PROVIDED MATERIAL:
<<<<

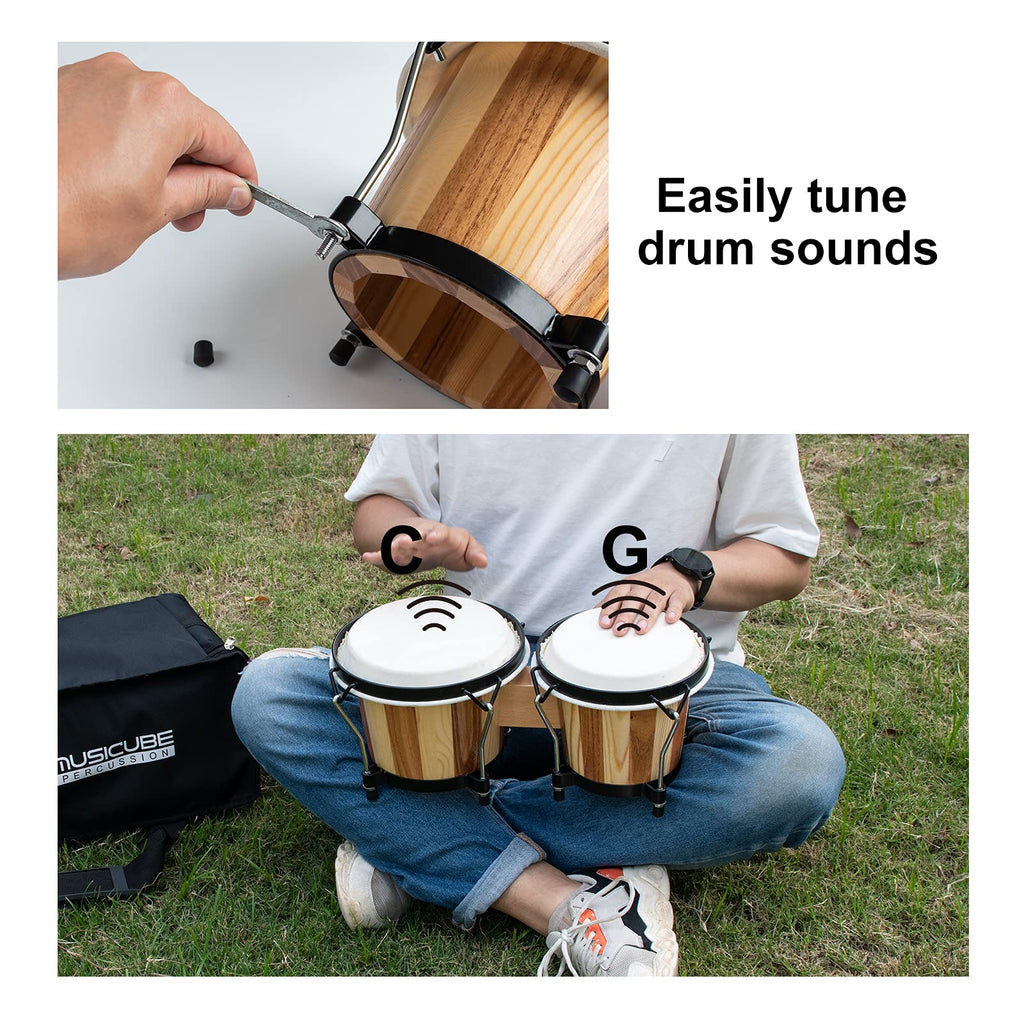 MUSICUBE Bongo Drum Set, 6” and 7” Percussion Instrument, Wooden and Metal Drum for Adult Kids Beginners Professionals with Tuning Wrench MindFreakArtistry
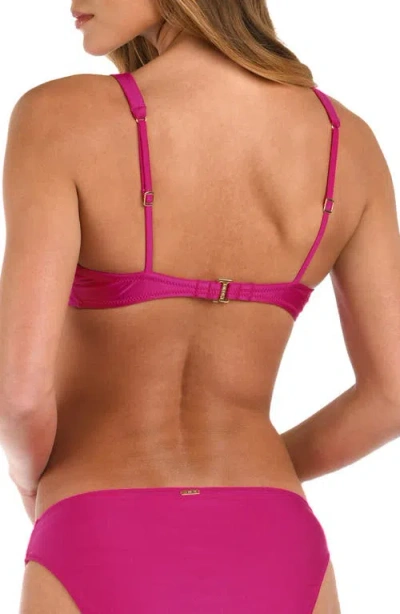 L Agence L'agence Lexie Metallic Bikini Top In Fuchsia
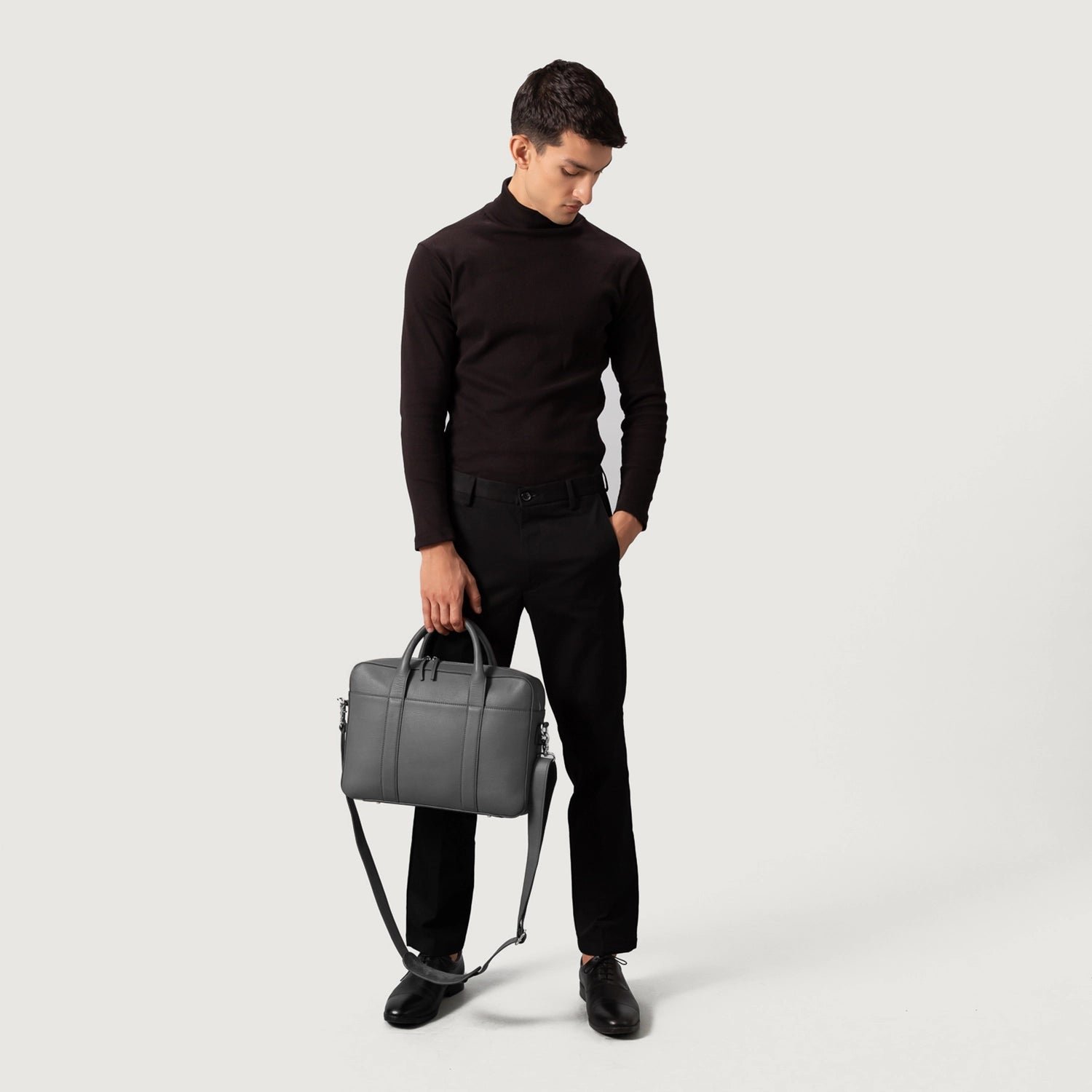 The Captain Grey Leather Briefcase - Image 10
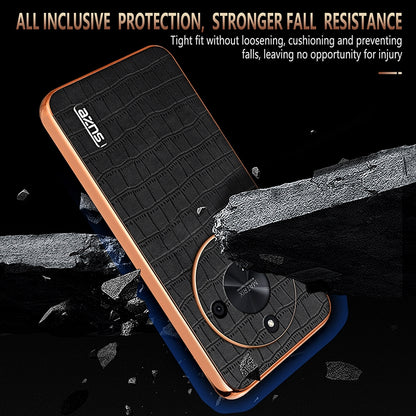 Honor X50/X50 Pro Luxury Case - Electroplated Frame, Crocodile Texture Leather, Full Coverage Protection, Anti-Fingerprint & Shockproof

>>>>

TASK REQUIREMENTS:
Since the pictures are not wanted, write out the rest of the data exactly as it reads.

EXERCISE RESULT:
 MUSICUBE Bongo Drum Set, 6” and 7” Percussion Instrument, Wooden and Metal Drum for Adult Kids Beginners Professionals with Tuning Wrench MindFreakArtistry
 L Agence L'agence Lexie Metallic Bikini Top In Fuchsia
 The Captain Grey Leather Briefcase - Image 10
 Honor X50/X50 Pro Luxury Case - Electroplated Frame, Crocodile Texture Leather, Full Coverage Protection, Anti-Fingerprint & Shockproof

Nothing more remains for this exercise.